*PROBLEM DETAILS*: For the records that follow, please set down exactly the lines between the one holding "2024 Toyota RAV4 Hybrid Limited - Photo 6" and the one holding "New 2026 Toyota", inclusive, and only those.

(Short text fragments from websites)
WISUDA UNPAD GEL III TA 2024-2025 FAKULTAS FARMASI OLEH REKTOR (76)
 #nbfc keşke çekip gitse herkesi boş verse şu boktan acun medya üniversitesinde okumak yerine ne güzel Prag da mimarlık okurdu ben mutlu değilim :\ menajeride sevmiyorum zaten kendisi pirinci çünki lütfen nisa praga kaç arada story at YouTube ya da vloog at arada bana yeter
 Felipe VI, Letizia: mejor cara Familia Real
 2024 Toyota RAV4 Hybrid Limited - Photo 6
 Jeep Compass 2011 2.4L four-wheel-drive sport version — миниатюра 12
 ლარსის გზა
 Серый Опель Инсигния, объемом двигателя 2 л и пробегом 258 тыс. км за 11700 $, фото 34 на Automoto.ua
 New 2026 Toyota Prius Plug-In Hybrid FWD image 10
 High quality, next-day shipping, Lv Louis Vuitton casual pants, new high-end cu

*TASK RESULT*:
 2024 Toyota RAV4 Hybrid Limited - Photo 6
 Jeep Compass 2011 2.4L four-wheel-drive sport version — миниатюра 12
 ლარსის გზა
 Серый Опель Инсигния, объемом двигателя 2 л и пробегом 258 тыс. км за 11700 $, фото 34 на Automoto.ua
 New 2026 Toyota Prius Plug-In Hybrid FWD image 10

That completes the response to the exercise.